Task directions
All that is needed is the line containing "Watch splendid Little Summer's trailer" and the lines after it to the end of the material, written out exactly, pictures left aside.

Stored data

_ _ _

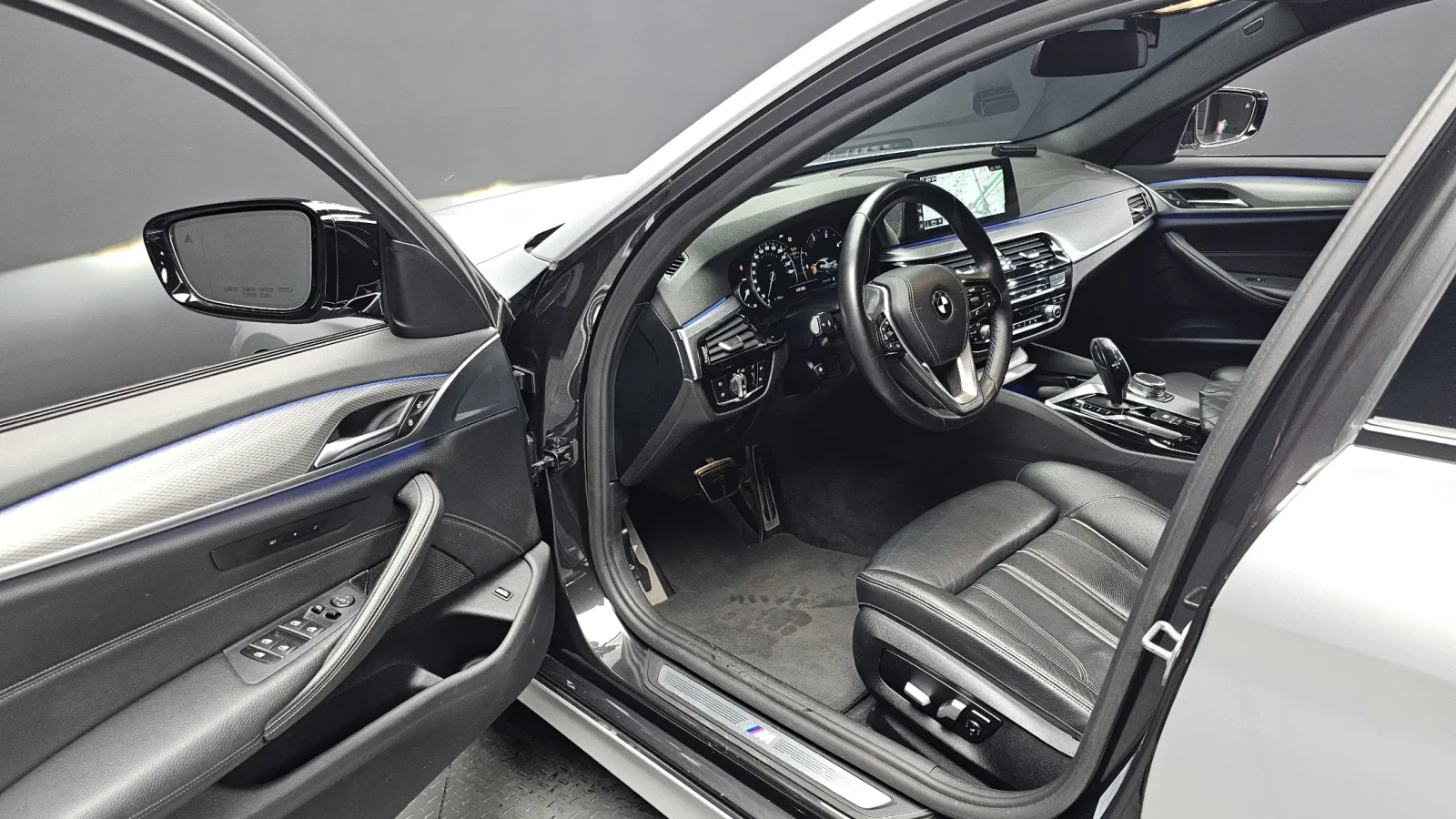BMW 520 M SPORT + HEAD UP/360/PANO/FULL, снимка 8 - Автомобили и джипове - 55187540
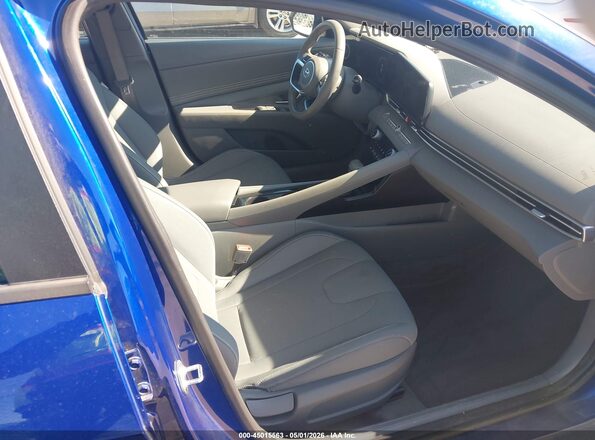 5NPLS4AG4PH091314 2023 HYUNDAI ELANTRA Blue Widok wnętrza z przodu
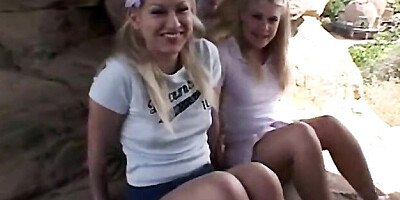 Watch splendid Little Summer's trailer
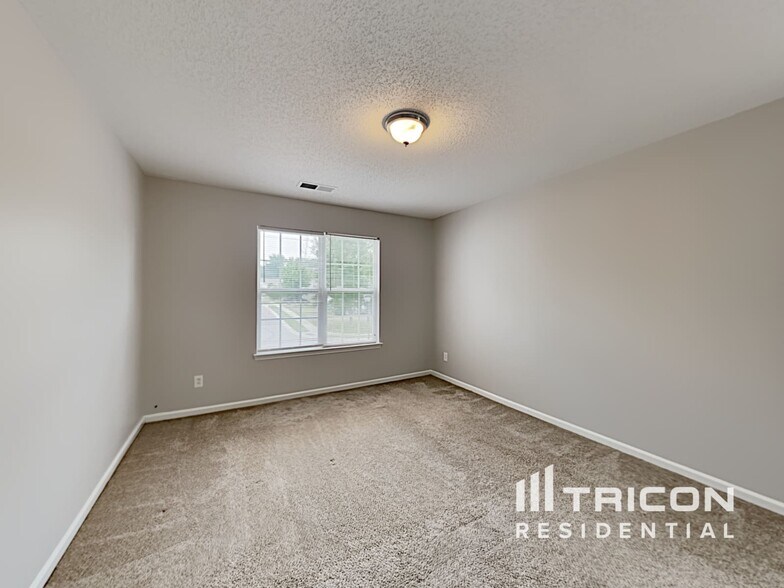 Building Photo - 401 Peachtree Rd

_ _ _

Written solution
 Watch splendid Little Summer's trailer
 Building Photo - 401 Peachtree Rd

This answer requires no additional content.